Моргейна отправилась в покои короля; Уриенс занимался тем, что лениво играл в кости с одним из своих дружинников. Воздух в покоях был спертым; пахло затхлостью и старостью. «Что ж, этой зимой он так долго провалялся с крупозной пневмонией, что мне не приходилось делить с ним постель, — бесстрастно подумала Моргейна. — Хорошо, что Акколон провел всю зиму в Камелоте, при Артуре; мы бы при малейшей возможности стремились оказаться вместе, и нас могли разоблачить».

Уриенс поставил стаканчик с костями и посмотрел на жену. Король сильно похудел; длительная борьба с лихорадкой изнурила его. На протяжении нескольких дней Моргейне даже казалось, что Уриенс не выживет, но она изо всех сил сражалась за его жизнь — отчасти потому, что она, несмотря ни на что, все же испытывала привязанность к старику-мужу и не хотела, чтобы он умирал, а отчасти потому, что сразу же после смерти Уриенса на его трон уселся бы Аваллох.

— Я не видел тебя целый день, Моргейна. Мне было одиноко, — с ноткой укоризны произнес Уриенс. — В конце концов, на Хоу не так приятно смотреть, как на тебя.

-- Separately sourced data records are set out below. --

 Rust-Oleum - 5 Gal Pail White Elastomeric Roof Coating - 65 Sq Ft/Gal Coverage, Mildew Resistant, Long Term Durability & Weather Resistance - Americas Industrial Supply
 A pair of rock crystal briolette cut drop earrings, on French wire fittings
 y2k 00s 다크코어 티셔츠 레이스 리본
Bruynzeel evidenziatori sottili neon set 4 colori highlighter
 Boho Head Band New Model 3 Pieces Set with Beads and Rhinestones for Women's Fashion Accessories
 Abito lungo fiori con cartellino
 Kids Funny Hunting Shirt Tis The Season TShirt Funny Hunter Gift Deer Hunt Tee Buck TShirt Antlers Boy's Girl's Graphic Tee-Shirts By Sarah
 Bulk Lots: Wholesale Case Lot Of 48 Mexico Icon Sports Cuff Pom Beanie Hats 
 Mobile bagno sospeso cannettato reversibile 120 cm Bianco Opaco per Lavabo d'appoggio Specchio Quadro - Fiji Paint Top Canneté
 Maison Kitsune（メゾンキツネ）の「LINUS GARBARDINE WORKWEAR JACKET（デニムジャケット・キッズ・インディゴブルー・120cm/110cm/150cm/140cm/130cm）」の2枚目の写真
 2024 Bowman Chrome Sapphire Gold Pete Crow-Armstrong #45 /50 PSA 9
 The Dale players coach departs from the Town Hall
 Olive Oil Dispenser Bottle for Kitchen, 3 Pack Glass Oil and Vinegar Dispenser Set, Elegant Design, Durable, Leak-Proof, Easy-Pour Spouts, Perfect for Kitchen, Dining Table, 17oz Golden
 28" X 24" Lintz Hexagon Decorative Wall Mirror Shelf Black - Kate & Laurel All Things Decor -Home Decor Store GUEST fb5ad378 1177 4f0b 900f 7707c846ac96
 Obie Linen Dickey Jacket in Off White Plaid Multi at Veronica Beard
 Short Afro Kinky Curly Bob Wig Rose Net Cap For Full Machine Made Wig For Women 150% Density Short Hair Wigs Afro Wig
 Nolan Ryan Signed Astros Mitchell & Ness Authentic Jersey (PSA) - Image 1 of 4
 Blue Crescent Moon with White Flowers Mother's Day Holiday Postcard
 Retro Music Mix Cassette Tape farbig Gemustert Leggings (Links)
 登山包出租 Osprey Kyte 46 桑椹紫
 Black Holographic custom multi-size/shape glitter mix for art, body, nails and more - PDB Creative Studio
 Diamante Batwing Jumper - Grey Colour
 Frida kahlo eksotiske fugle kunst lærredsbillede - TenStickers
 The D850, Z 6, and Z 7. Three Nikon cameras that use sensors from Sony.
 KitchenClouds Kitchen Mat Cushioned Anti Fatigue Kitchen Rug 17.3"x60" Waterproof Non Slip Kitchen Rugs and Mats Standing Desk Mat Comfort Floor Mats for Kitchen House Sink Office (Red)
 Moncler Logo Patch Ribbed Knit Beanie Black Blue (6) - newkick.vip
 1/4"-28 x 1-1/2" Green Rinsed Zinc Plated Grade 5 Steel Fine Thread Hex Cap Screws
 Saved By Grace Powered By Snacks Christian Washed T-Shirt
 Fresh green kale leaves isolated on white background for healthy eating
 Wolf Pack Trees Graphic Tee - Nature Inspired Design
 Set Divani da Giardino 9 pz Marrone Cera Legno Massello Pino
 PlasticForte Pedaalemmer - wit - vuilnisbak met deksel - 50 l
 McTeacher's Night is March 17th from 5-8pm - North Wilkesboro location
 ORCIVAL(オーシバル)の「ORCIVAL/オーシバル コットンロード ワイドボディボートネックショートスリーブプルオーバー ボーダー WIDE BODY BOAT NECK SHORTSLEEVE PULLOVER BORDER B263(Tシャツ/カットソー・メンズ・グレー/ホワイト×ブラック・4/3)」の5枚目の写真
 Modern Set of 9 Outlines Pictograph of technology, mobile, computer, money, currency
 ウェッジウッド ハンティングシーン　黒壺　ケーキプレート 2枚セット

— Ну, я ведь не просто так оставила тебя, — отозвалась Моргейна, стараясь, чтобы ее голос звучал как можно непринужденнее. Уриенс любил грубоватые шутки. — Мне подумалось — вдруг ты в твои почтенные годы почувствовал слабость к молодым красивым мужчинам? А раз он тебе не нужен, муж мой, может, я заберу его себе?

Уриенс рассмеялся.

— Ты вогнала бедолагу в краску, — сказал он, добродушно улыбаясь. — Но если ты покидаешь меня на целый день, что ж мне еще остается, кроме как предаваться мечтаниям и таращиться, как баран, на него или на пса?

— Ну что ж, я пришла к тебе с хорошими новостями. Сегодня вечером тебя перенесут в зал, к общему столу, — к нам едет Увейн. Он прибудет еще до ужина.

— Хвала Господу! — обрадовался Уриенс. — Этой зимой я уж начал думать, что умру, так и не повидавшись больше с моими сыновьями.

— Думаю, Акколон вернется к празднеству летнего солнцестояния.

Моргейна подумала о кострах Белтайна, до которого оставалось всего два месяца, и ее захлестнула волна желания.

— Отец Эйан опять просил запретить эти празднества, — ворчливо произнес Уриенс. — Мне уже надоело выслушивать его жалобы! Он думает, что если мы вырубим рощу, то люди удовольствуются его благословением и не станут разжигать костры в Белтайн. А правда ведь — похоже, будто с каждым годом старая вера все крепнет. Я-то думал, что она будет понемногу исчезать вместе со стариками. Но теперь к язычеству начала обращаться молодежь, и потому мы должны что-то делать. Может, нам и вправду следует срубить рощу.

«Только попробуй, — подумала Моргейна, — и я пойду на убийство». Но когда она заговорила, голос ее был мягок и рассудителен:

— Это было бы ошибкой. Дубы дают пропитание свиньям и простонародью — и даже нам в тяжелые зимы приходится пользоваться желудевой мукой. А кроме того, эта роща росла здесь сотни лет — ее деревья священны…

— Ты сама говоришь, как язычница, Моргейна.

— А кто же сотворил эти дубы, если не Господь? — парировала она. — Почему мы должны наказывать безвинные деревья за проступки неразумных людей и за то, что отцу Эйану не нравится, как люди этими деревьями пользуются? Я-то думала, что ты любишь свою землю…

— Ну да, люблю, — раздраженно согласился Уриенс. — Но Аваллох тоже говорит, что мне следует ее срубить, чтоб язычникам негде было собираться. Мы можем построить на том месте церковь или часовню.